EXTRACTED INFORMATION:
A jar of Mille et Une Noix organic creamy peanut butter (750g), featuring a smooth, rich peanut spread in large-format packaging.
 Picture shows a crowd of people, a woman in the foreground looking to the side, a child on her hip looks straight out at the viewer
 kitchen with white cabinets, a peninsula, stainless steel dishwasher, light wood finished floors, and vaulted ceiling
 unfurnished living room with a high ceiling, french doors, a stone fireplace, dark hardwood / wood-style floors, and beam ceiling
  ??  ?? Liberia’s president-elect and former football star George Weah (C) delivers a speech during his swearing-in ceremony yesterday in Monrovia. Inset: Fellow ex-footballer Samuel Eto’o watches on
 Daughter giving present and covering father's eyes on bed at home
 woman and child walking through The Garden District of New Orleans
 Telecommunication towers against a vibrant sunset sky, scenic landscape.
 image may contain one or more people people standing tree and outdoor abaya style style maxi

AIM OF THE EXERCISE: Set down the data once more, word for word.

RESPONSE TO THE TASK:
A jar of Mille et Une Noix organic creamy peanut butter (750g), featuring a smooth, rich peanut spread in large-format packaging.
 Picture shows a crowd of people, a woman in the foreground looking to the side, a child on her hip looks straight out at the viewer
 kitchen with white cabinets, a peninsula, stainless steel dishwasher, light wood finished floors, and vaulted ceiling
 unfurnished living room with a high ceiling, french doors, a stone fireplace, dark hardwood / wood-style floors, and beam ceiling
  ??  ?? Liberia’s president-elect and former football star George Weah (C) delivers a speech during his swearing-in ceremony yesterday in Monrovia. Inset: Fellow ex-footballer Samuel Eto’o watches on
 Daughter giving present and covering father's eyes on bed at home
 woman and child walking through The Garden District of New Orleans
 Telecommunication towers against a vibrant sunset sky, scenic landscape.
 image may contain one or more people people standing tree and outdoor abaya style style maxi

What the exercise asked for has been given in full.